Here is one way to think about this
numbering problem. This came from James and Kirsty. There are
many other ways to look for patterns (although drawing a table
can help).
For the first part (with the sheet with 8 and 21), the book had a
total of 28 pages on 7 sheets of paper.
First I noticed that with four sheets, page 8 is next to page 9
as in the picture. Then I noticed that if you add a sheet, there
are an extra four pages in between page 8 and the page opposite,
which will be page 13. I then made this table:
| Number of sheets |
Number of page next to page 8 |
| 4 |
9 |
| 5 |
13 |
| 6 |
17 |
| 7 |
21 |
| 8 |
25 |
For the second part, I used a similar pattern. I started by
noticing that with 9 sheets, page 36 will be the back page and
will be opposite page 1. I then considered adding pages to the
outside of the book. Each time you do this, the number of the
page opposite page 36 increases by 4.
| Number of sheets |
Number of page next to page 36 |
| 9 |
1 |
| 10 |
5 |
| 11 |
9 |
| 12 |
13 |
| 13 |
17 |
| 14 |
21 |
| 15 |
25 |
Therefore the page with 25 and 36 on it came from a book with
15 sheets and a total of 60 pages.
Arthur looked carefully at the last
book and noticed something strange.
For the first half of the book odd pages are on the back and
even pages are on the front, and for the second half of the
book odd pages are on the front and even pages are on the back.

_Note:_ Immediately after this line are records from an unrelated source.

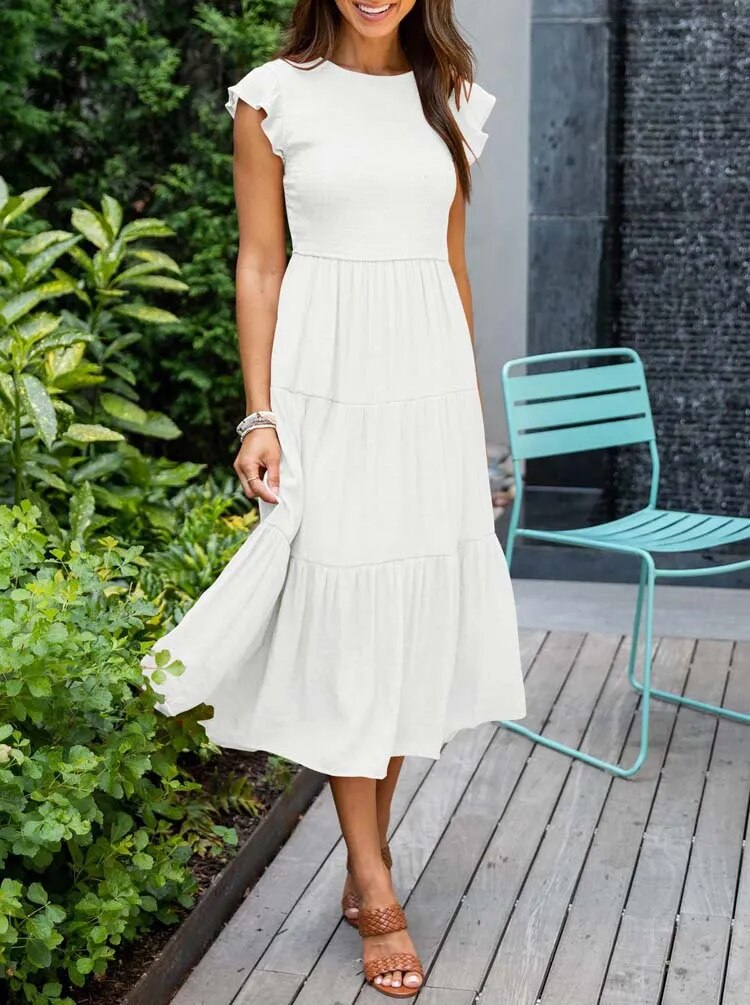 Sommerkleid Damen Regular Fit Freizeit mit Rüschendetails und Taschen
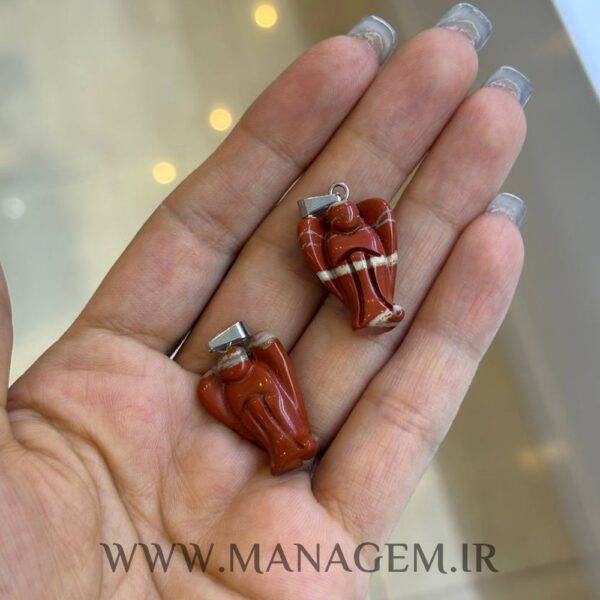 گردنبند سنگ جاسپر قرمز طرح فرشته
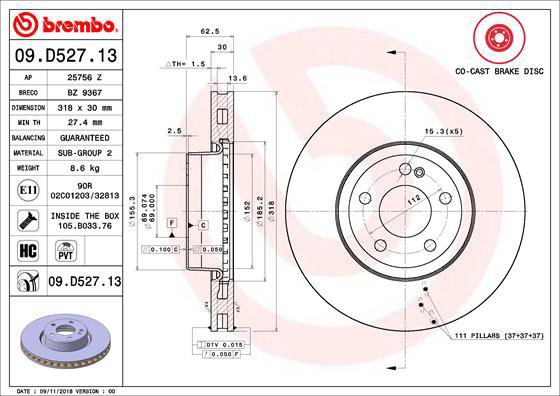BREMBO brake disc 09. D527.13, set of 2 - Brake Disc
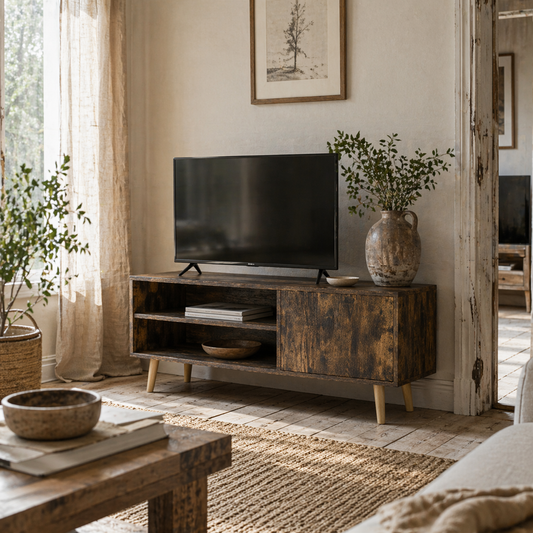 Avamar 110cm Brown TV Stand For Screens Up To 55 Inches With Open Shelves And Cable Access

This means that if we look at any sheet taken from the book
(from the front or from the back), it will have an even number
on the left and an odd number on the right. However, the page
with 59 and 14 is the other way round, so must have come from a
book with a different numbering method.
Well done for noticing this! One way
toget this numbering would be to start numbering on the inside
cover.
Why not try
making your own numbering puzzles?